Why Don't Planets Fall Into the Sun?
Gravity pulls inward while motion carries planets sideways
Planets do fall toward the Sun, but they also move sideways very fast. The sideways motion keeps them from hitting the Sun. The result is an orbit, which is a path made by falling around the Sun again and again.
The Sun pulls on every planet with gravity. That pull never turns off. If a planet were sitting still near the Sun, it would fall straight in. Planets are not sitting still. They formed from a spinning disk of gas and dust, so they already had sideways motion. That sideways motion is called tangential velocity. Gravity keeps bending the planet’s path inward, while the planet keeps moving forward. Together, those two motions make an orbit. This idea goes back to Isaac Newton. He pictured a cannonball fired from a high mountain. Fire it slowly, and it falls to the ground. Fire it fast enough, and Earth curves away underneath it as it falls. A planet does the same kind of thing around the Sun. It is always falling, but it keeps missing.
Gravity pulls inward
Gravity changes a planet’s direction, not just its speed.
Sideways motion matters
A planet misses the Sun because it keeps moving sideways.
An orbit is falling around
Orbiting is continuous falling with enough sideways speed.
There is no outward force
The inward force is gravity. The sideways motion comes from inertia.
Speed sets the path
Distance and speed work together to shape an orbit.
Vocabulary
- Gravity
- An attractive force between objects with mass. In the solar system, the Sun’s gravity pulls planets inward.
- Tangential velocity
- Motion along the edge of a curved path. For a planet, it is the sideways motion that helps it keep missing the Sun.
- Orbit
- The repeated path of an object around another object in space, caused by forward motion and gravity.
- Inertia
- The tendency of an object to keep moving in a straight line at the same speed unless a force acts on it.

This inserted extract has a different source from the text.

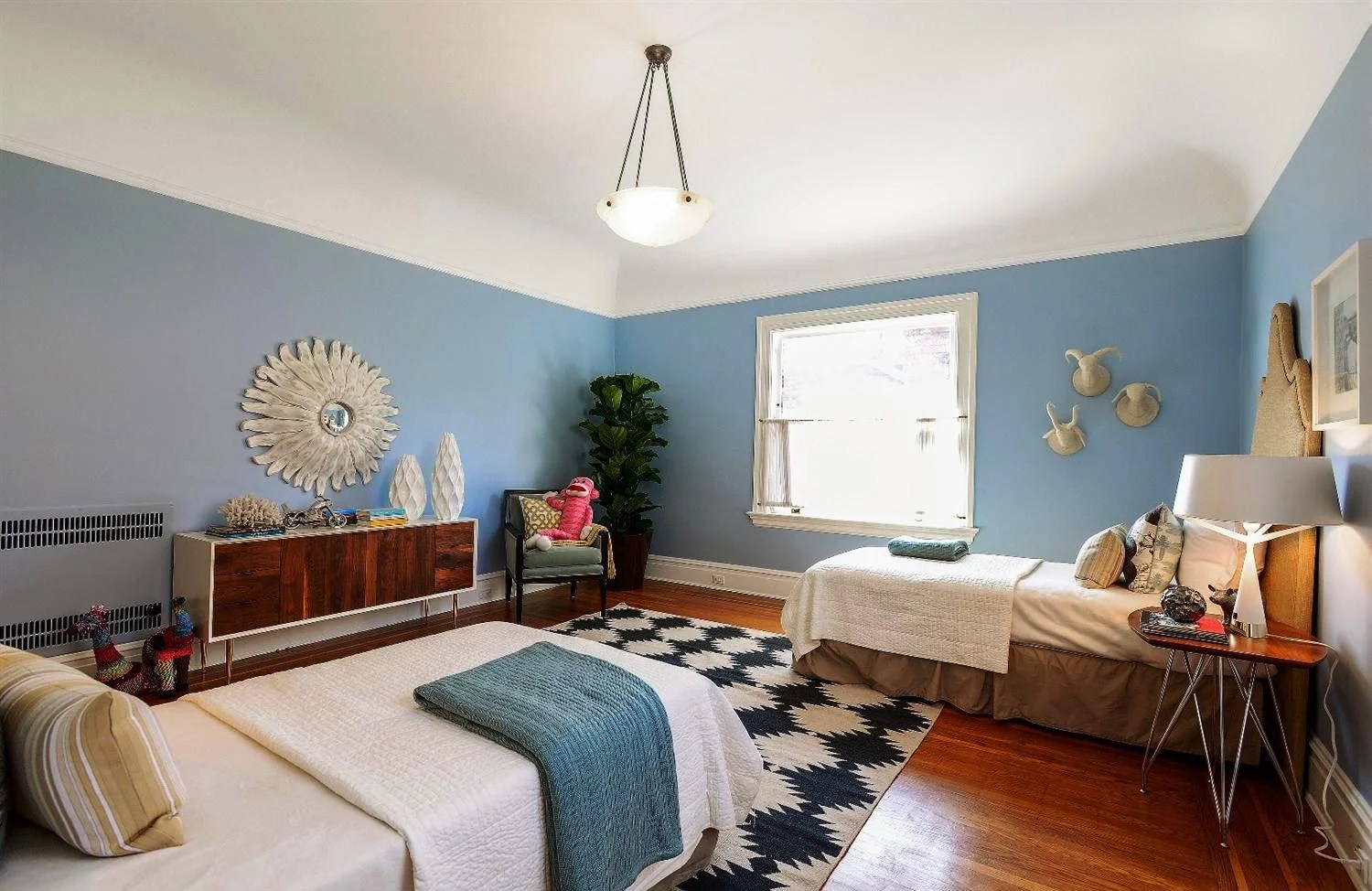 25 Cozy Guest Room Design Ideas To Try In 2018 Instaloverz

- Centripetal acceleration
- A change in motion directed toward the center of a curved path. In planetary orbits, gravity causes it.
- Ellipse
- An oval-shaped path. Planetary orbits are ellipses, with the Sun near one focus.
In the Classroom
String orbit model
15 minutes | Grades 6-8
Tie a small soft ball to a string and swing it gently in a circle. Students identify the inward pull from the string and compare it with the Sun’s gravity in an orbit.
Newton cannon sketch
20 minutes | Grades 6-8
Students draw three launch paths from a tall mountain on a curved Earth. They explain why the fastest path can keep falling without hitting the ground.
Orbit speed compare
30 minutes | Grades 6-8
Students use planet distance and orbital period data to rank planets by average orbital speed. They look for the pattern that closer planets move faster.
Key Takeaways
- • Planets do fall toward the Sun, but their sideways motion keeps them from hitting it.
- • Gravity supplies the inward pull that bends a planet’s path.
- • Without gravity, a planet would move away in a straight line.
- • There is no real outward force needed to keep a planet in orbit.
- • Closer planets usually move faster because the Sun’s gravity is stronger near the Sun.